Più garanzie agli indagati

Pubblicato il 24 marzo 2009

La Corte costituzionale, con sentenza n. 75 del 20 marzo 2009, ha dichiarato l'illegittimità dell'art. 384, secondo comma del codice penale nella parte in cui non prevede l'esclusione della punibilità anche per le false o reticenti informazioni assunte dalla polizia giudiziaria e fornite da chi non avrebbe potuto essere obbligato a renderle o comunque a rispondere in quanto persona indagata per reato collegato a quello, commesso da altri, cui le dichiarazioni stesse si riferiscono; la questione era stata sollevata dal Tribunale di Biella nell'ambito di un procedimento che vedeva coinvolta, per favoreggiamento, una persona rea di aver aiutato, fornendo false o reticenti informazioni, uno spacciatore.

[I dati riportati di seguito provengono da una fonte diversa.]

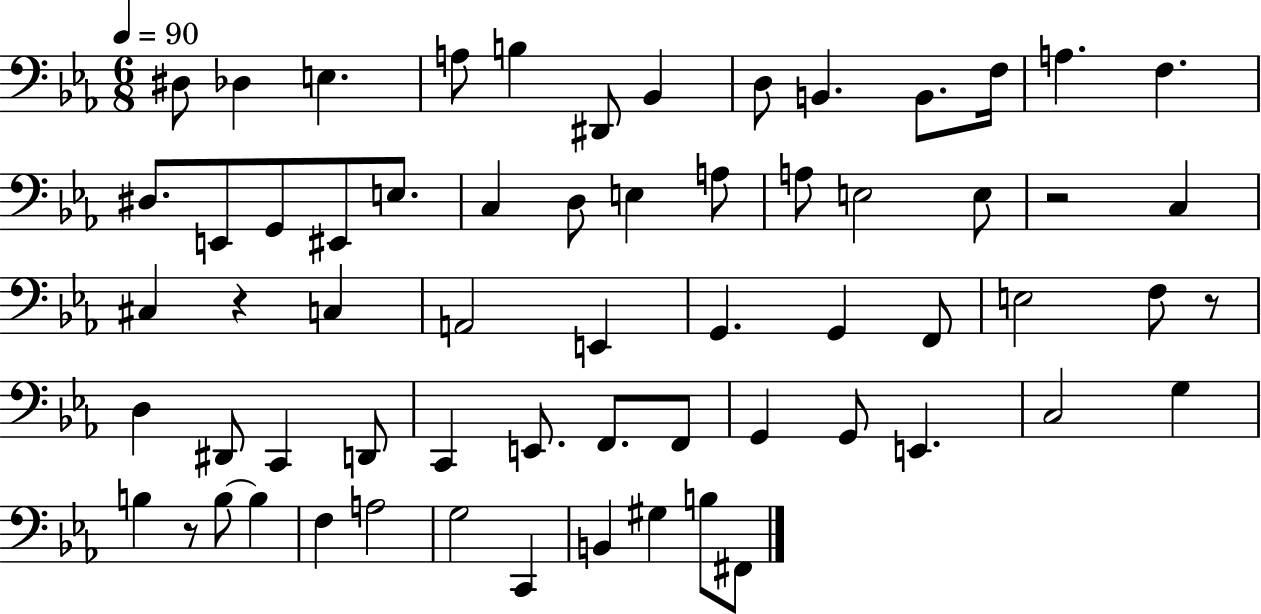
{
  \clef bass
  \numericTimeSignature
  \time 6/8
  \key ees \major
  \tempo 4 = 90
  dis8 des4 e4. | a8 b4 dis,8 bes,4 | d8 b,4. b,8. f16 | a4. f4. | \break dis8. e,8 g,8 eis,8 e8. | c4 d8 e4 a8 | a8 e2 e8 | r2 c4 | \break cis4 r4 c4 | a,2 e,4 | g,4. g,4 f,8 | e2 f8 r8 | \break d4 dis,8 c,4 d,8 | c,4 e,8. f,8. f,8 | g,4 g,8 e,4. | c2 g4 | \break b4 r8 b8~~ b4 | f4 a2 | g2 c,4 | b,4 gis4 b8 fis,8 | \break \bar "|."
}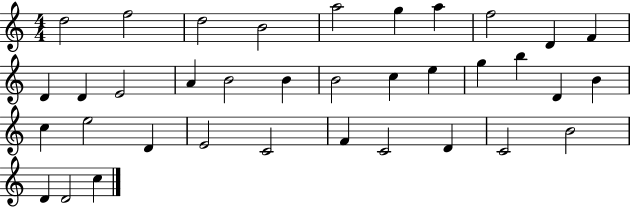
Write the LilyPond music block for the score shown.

{
  \clef treble
  \numericTimeSignature
  \time 4/4
  \key c \major
  d''2 f''2 | d''2 b'2 | a''2 g''4 a''4 | f''2 d'4 f'4 | \break d'4 d'4 e'2 | a'4 b'2 b'4 | b'2 c''4 e''4 | g''4 b''4 d'4 b'4 | \break c''4 e''2 d'4 | e'2 c'2 | f'4 c'2 d'4 | c'2 b'2 | \break d'4 d'2 c''4 | \bar "|."
}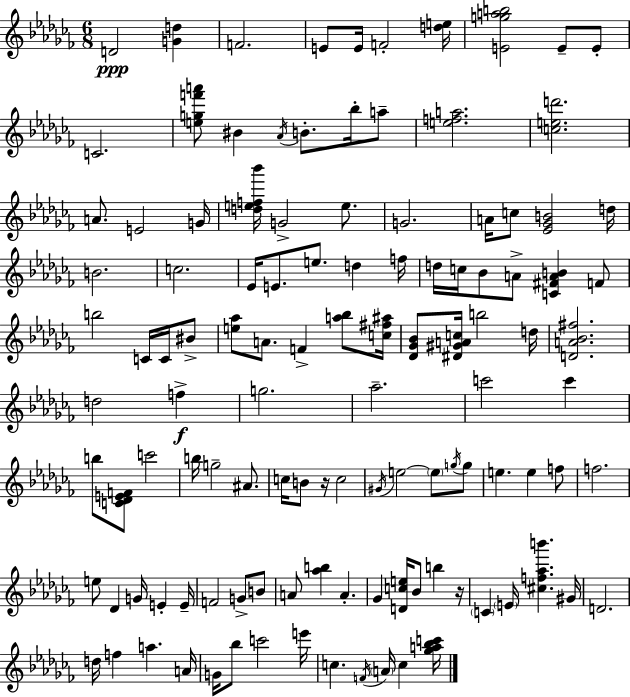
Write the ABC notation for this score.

X:1
T:Untitled
M:6/8
L:1/4
K:Abm
D2 [Gd] F2 E/2 E/4 F2 [de]/4 [Egab]2 E/2 E/2 C2 [egf'a']/2 ^B _A/4 B/2 _b/4 a/2 [efa]2 [ced']2 A/2 E2 G/4 [def_b']/4 G2 e/2 G2 A/4 c/2 [_E_GB]2 d/4 B2 c2 _E/4 E/2 e/2 d f/4 d/4 c/4 _B/2 A/2 [C^FAB] F/2 b2 C/4 C/4 ^B/2 [e_a]/2 A/2 F [a_b]/2 [c^f^a]/4 [_D_G_B]/2 [^D^GAc]/4 b2 d/4 [DA_B^f]2 d2 f g2 _a2 c'2 c' b/2 [C_DEF]/2 c'2 b/4 g2 ^A/2 c/4 B/2 z/4 c2 ^G/4 e2 e/2 g/4 g/2 e e f/2 f2 e/2 _D G/4 E E/4 F2 G/2 B/2 A/2 [_ab] A _G [Dce]/4 _B/2 b z/4 C E/4 [^cf_ab'] ^G/4 D2 d/4 f a A/4 G/4 _b/2 c'2 e'/4 c F/4 A/4 c [_ga_bc']/4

La Consulta, in particolare, ha rilevato un'incongruenza nel sistema delineato dall'art. 384 c.p. che esclude la punibilità solo per i casi previsti dagli articoli 371-bis (false informazioni al pubblico ministero), 371-ter (false dichiarazioni al difensore), 372 (falsa testimonianza) e 373 (falsa perizia e interpretazione), nulla prevedendo con riferimento alle false o reticenti informazioni rese alla polizia giudiziaria. Stante la sostanziale omogeneità del bene protetto, risulta del tutto irragionevole il diverso regime giuridico applicato.